--- Information supplied ---

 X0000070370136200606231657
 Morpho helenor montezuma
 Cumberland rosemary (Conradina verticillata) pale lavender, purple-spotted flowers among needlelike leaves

--- Exercise goal ---
The required output is all of the material, word for word.

--- Result for this task ---
 X0000070370136200606231657
 Morpho helenor montezuma
 Cumberland rosemary (Conradina verticillata) pale lavender, purple-spotted flowers among needlelike leaves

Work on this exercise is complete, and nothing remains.